■ Brief ■
Please check every line of the listing for "Used" and copy each line where it is found.

■ Source data ■
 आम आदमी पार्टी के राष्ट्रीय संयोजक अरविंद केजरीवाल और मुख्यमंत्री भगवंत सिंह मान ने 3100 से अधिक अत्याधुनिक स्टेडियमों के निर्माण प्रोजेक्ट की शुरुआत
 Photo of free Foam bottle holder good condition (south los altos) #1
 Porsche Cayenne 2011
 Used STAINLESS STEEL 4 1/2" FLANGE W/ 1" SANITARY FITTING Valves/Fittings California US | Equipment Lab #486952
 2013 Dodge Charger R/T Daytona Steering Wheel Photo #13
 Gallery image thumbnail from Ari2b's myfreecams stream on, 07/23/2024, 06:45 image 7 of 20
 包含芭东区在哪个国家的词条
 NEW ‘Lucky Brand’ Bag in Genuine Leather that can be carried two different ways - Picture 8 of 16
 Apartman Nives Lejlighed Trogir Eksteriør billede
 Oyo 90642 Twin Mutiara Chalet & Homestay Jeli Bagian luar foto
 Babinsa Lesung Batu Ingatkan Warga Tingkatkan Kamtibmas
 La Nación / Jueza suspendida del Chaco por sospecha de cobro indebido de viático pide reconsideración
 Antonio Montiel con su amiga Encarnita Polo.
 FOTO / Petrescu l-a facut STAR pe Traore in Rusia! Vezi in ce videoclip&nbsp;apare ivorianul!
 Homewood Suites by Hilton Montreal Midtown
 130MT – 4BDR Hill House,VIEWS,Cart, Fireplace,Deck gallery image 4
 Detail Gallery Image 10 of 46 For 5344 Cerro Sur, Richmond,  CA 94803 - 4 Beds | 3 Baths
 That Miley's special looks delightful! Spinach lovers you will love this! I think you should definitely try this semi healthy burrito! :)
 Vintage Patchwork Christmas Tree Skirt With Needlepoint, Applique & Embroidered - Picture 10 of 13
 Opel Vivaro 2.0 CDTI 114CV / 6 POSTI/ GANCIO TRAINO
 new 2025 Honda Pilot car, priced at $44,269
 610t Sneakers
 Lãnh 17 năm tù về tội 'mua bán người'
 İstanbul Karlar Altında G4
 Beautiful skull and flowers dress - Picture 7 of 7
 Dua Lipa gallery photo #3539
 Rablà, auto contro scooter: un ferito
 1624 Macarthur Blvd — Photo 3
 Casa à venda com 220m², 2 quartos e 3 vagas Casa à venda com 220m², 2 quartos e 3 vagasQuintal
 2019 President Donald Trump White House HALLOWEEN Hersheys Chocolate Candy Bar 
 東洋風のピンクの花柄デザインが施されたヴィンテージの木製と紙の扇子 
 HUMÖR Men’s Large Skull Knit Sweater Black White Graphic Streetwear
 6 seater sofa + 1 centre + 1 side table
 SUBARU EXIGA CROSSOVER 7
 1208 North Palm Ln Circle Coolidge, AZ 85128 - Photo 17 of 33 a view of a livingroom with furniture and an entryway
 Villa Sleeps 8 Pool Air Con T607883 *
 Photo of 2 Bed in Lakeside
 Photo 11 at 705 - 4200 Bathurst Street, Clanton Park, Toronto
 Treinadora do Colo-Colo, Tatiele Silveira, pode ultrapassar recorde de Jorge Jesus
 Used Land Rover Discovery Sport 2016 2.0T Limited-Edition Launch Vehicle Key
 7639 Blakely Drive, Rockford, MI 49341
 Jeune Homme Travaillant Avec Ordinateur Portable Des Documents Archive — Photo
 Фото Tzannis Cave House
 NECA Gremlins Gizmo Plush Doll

■ Answer to the exercise ■
 Used STAINLESS STEEL 4 1/2" FLANGE W/ 1" SANITARY FITTING Valves/Fittings California US | Equipment Lab #486952
 Used Land Rover Discovery Sport 2016 2.0T Limited-Edition Launch Vehicle Key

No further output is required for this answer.